LSDE 2021 - Large Scale Data Engineering

2015 · 2015-2016 · 2016 · 2017 · 2018 · 2019 · 2020 · 2021 · VU Canvas

LSDE: Large Scale Data Engineering 2021

Practical Information

Getting a Virtual Machine

We provide ready-made Linux virtual machines (VMs). On x86-based systems, use the VirtualBox system and the ldbc-vm.ova image (link removed). Once downloaded, this machine can be imported into VirtualBox and started. On systems with the Apple M1 chip, use the UTM virtualization app and the image in lsde-m1.zip (link removed).
The settings with 1GB RAM and 1 core are for assignments 1a and 1b. For assignment 1c, please modify the memory size to 3.5GB and the amount of cores to 2+ (in VirtualBox, go to Settings/Instellingen => System/Systeem => set 3584MB there, and 2+ CPUs on the Processor tab; in UTM, edit the machine's settings). The VM contains the sample datasets in the folder /opt/lsde and the required dependencies (gcc, Spark, etc.). To login, use the username "ubuntu" and the password "ubuntu".
In order to connect to the VM, either get the IP address of the machine and run ssh ubuntu@A.B.C.D or set up a port forwarding rule from the internal IP address of the machine and the SSH port (e.g. 10.0.2.15:22) to the host machine (localhost:2224) and run ssh -p 2224 ubuntu@localhost. The equivalent of ssh in Windows is using putty and saving the session.

The virtual machines contain the data sets in binary format but they are also available separately: SF100, SF3000.

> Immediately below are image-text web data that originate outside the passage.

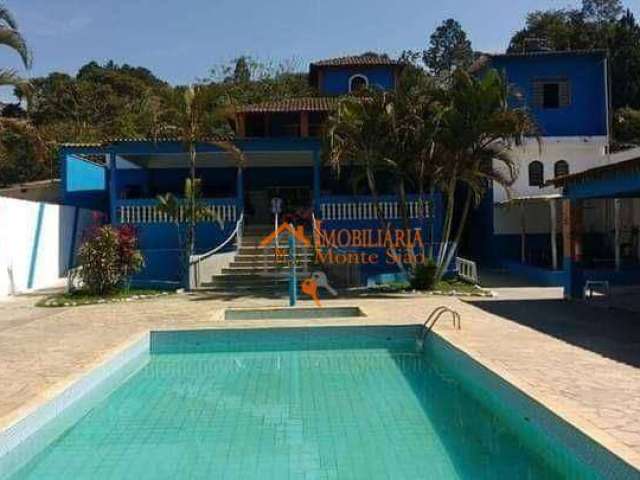 Chácara com 9 dormitórios à venda, 1260 m² por R$ 1.750.000,00 - Água Azul - Guarulhos/SP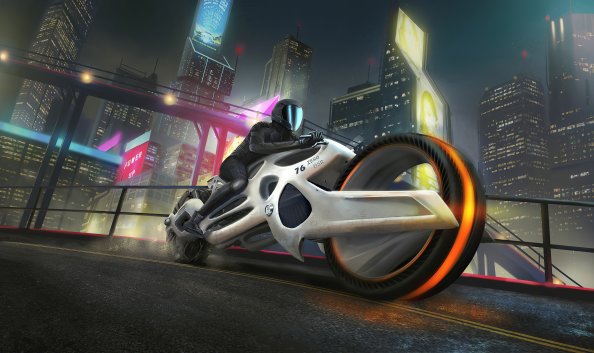 Futuristic Motorcyle 4k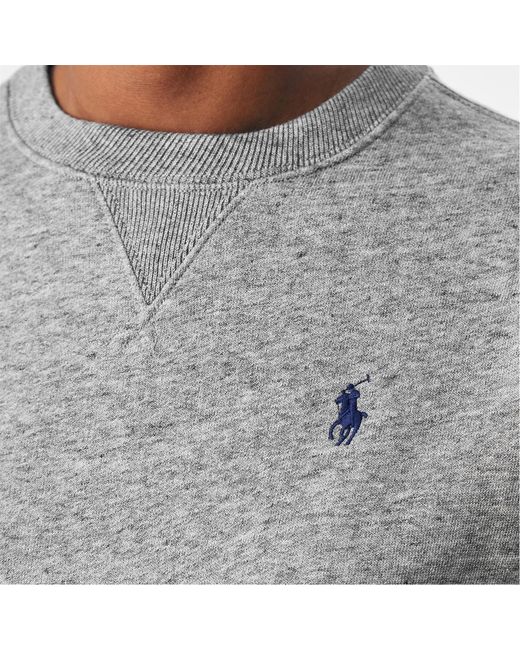 Polo Ralph Lauren Gray Round-Neck Logo Sweatshirt
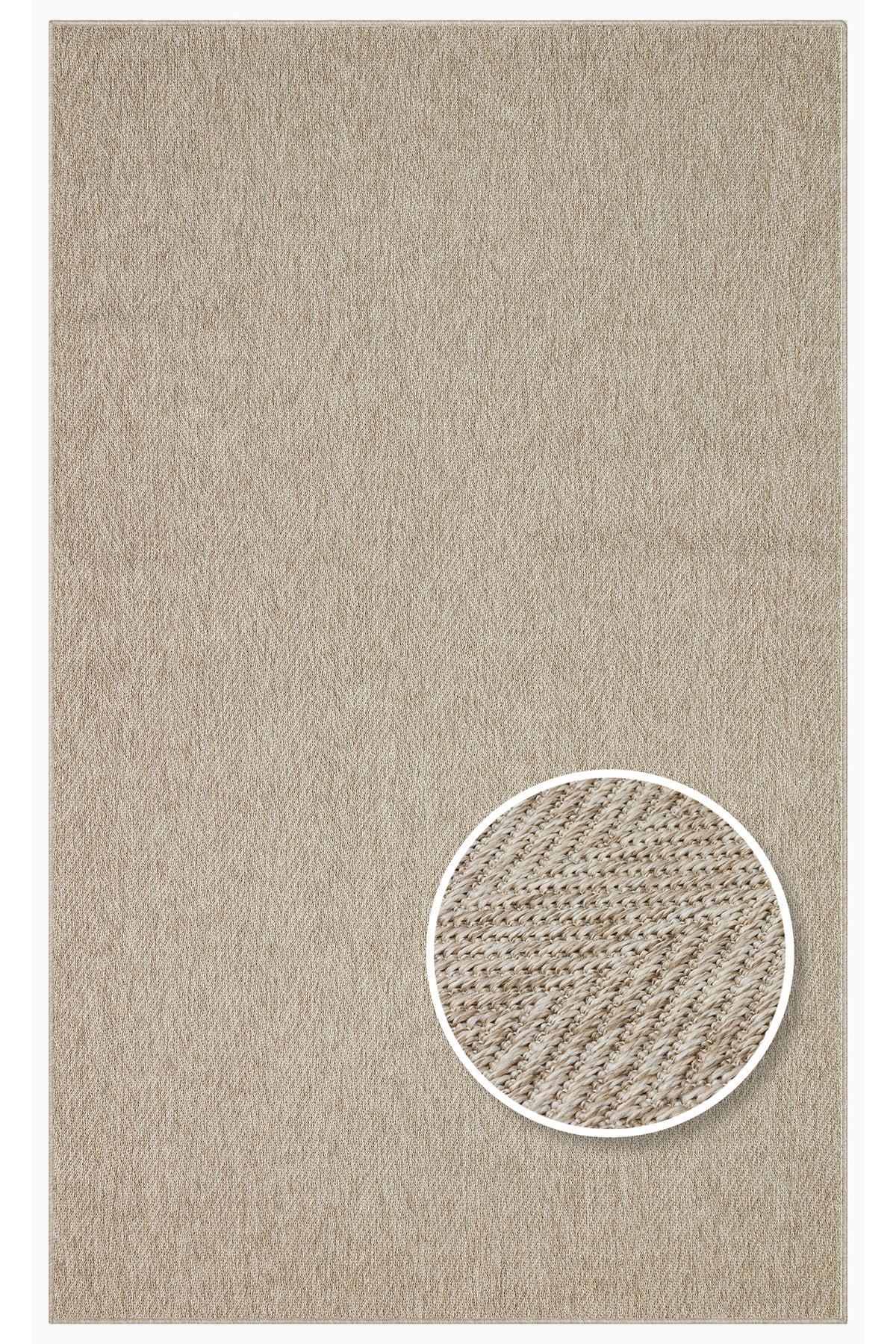 COSTA SISAL Açık Bej Hav Vermez Kolay Temizlenebilir Kilim Modern Yatak Odası Mutfak Salon Halısı - Lacivert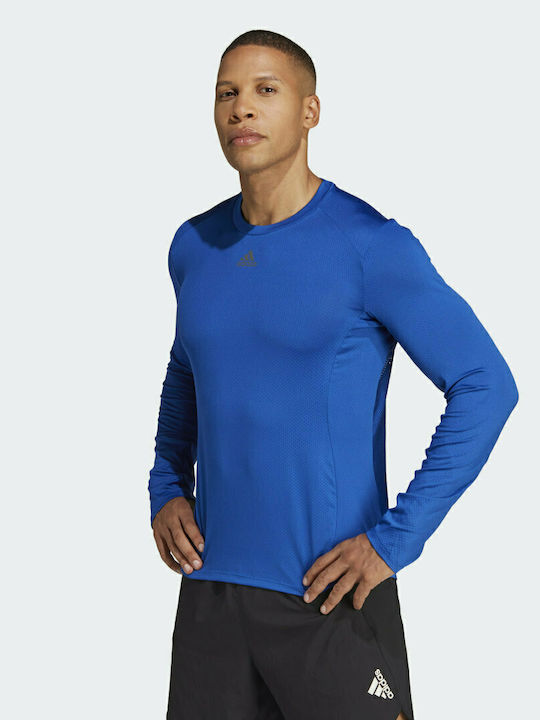 Adidas Hiit Men's Athletic Long Sleeve Blouse Royal Blue
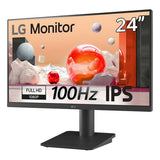 LG 24MS550-B Full HD 24" IPS LCD Monitor - Black - New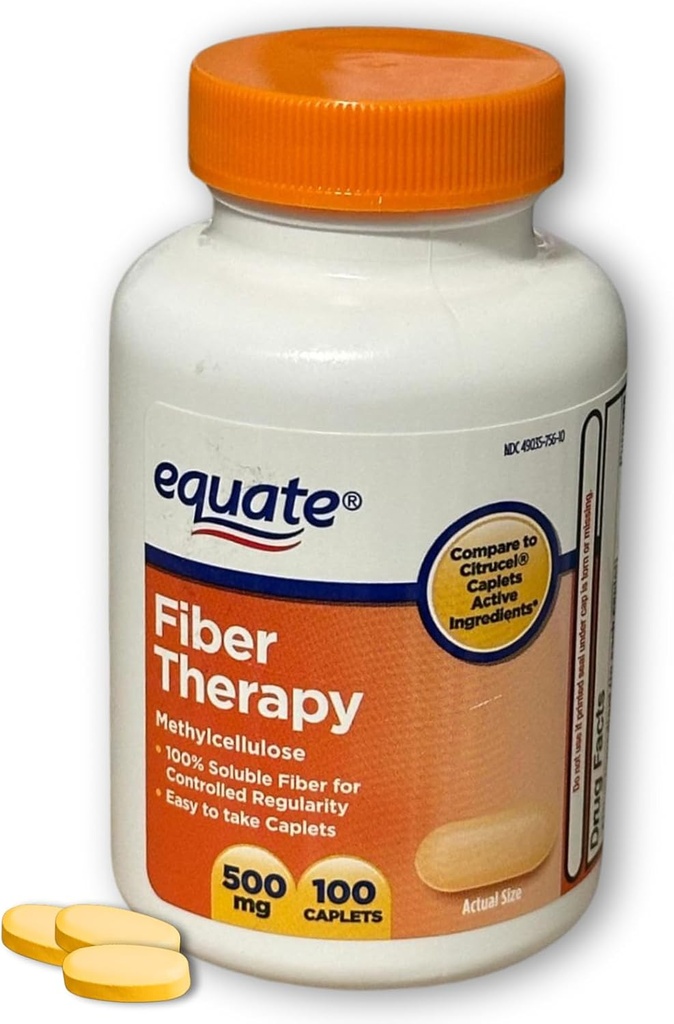 Thérapie des fibres Méthylcellulose 500mg,100ct (paquet de 1)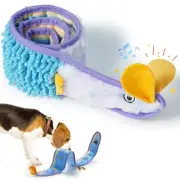 No Stuffing Eel Crinkle Dog Squeaky Toys - Durable Dog Toys for Tug of War, S...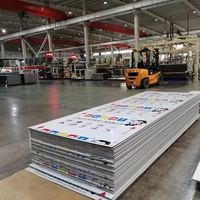 4 * 8ft Blanc Dibond pour Signe 3mm Acp Alucobond Personnaliser Couleur ACM Aluminium Composite Panneaux Usine Prix Pas Cher
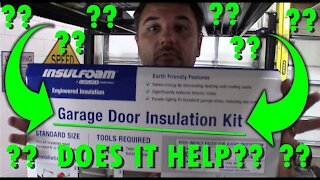 DIY: Garage Door Insulation Installation!!! DOES IT HELP!?!?!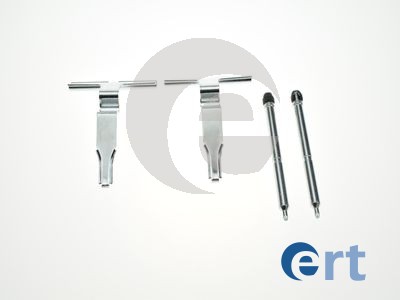 Комплект приладдя, накладка дискового гальма   420291   ERT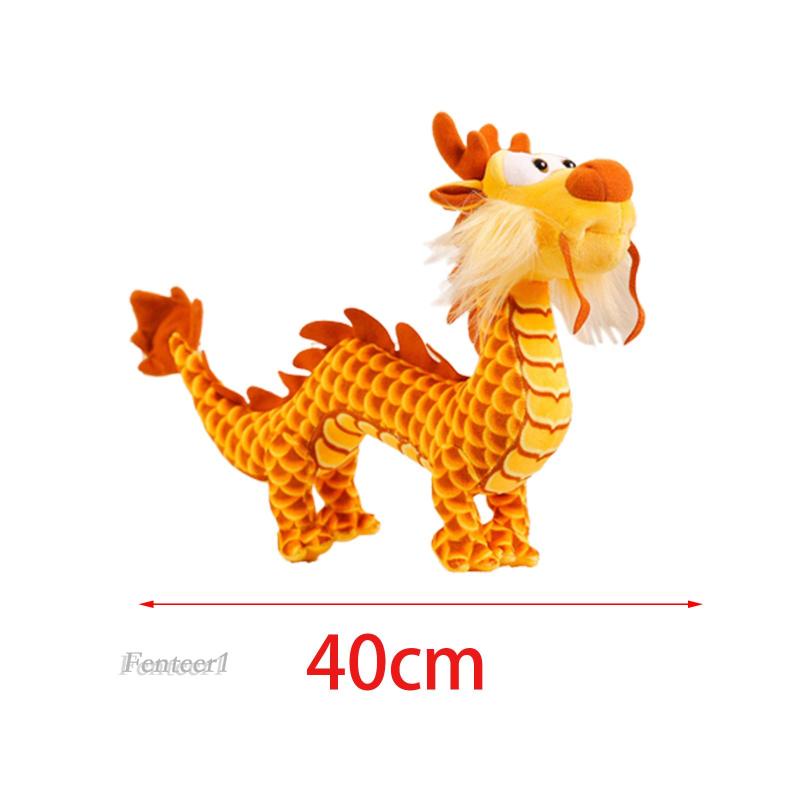 [Fenteer1] Đồ Chơi Thú Nhồi Bông Hình Con Rồng Dễ Thương Phong Cách Trung Hoa Trang Trí Phòng Ngủ Năm Mới
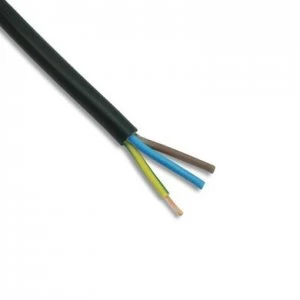 Image of Zexum 0.5mm 3 Core PVC Flex Cable Black Round 2183Y - 50 Meter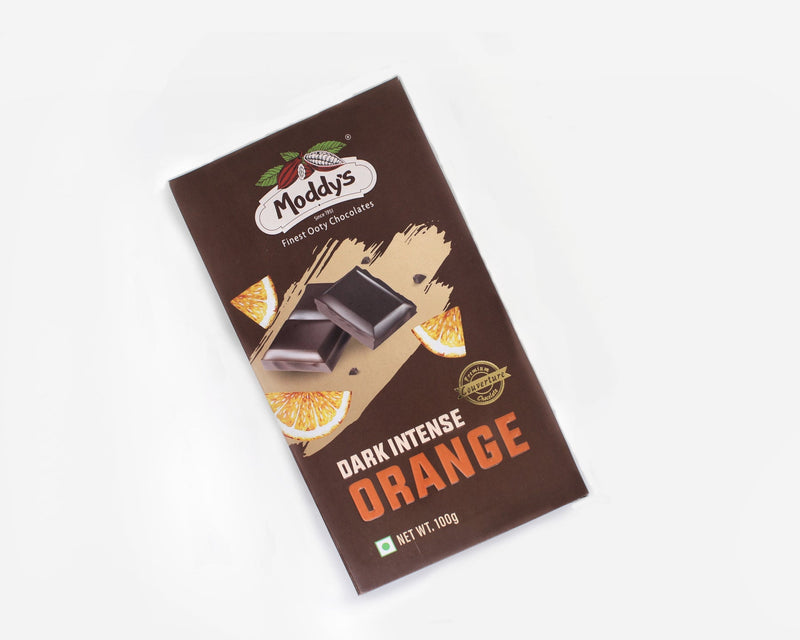 Dark Intense Orange Chocolate Bar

Those using Amazon in assignments 1a and 1b should register for the free tier (credit card info required, but all this should cost $0), then in the management console go to EC2, and launch a "Community AMI" instance. Searching for "lsde" in the Ohio data-center (click top-right menu bar to switch data-center) you will find the lsde2021 image, which can be launched on a "micro instance" for free. Doing so, you will need to create an ssh key pair, and launch the instance. When it is running, you note down the IP address and SSH into it using username "ubuntu" and passing your key : e.g. ssh -i mykey.pem ubuntu@1.2.3.4 in a Linux or Mac OS X terminal, or a Windows putty client (in that case you need to first use the puttygen utility to convert the PEM key from amazon into a Putty Private Key file. That key file you should include under the 'ssh' tab and its 'Auth' subtab in the putty connection setup window).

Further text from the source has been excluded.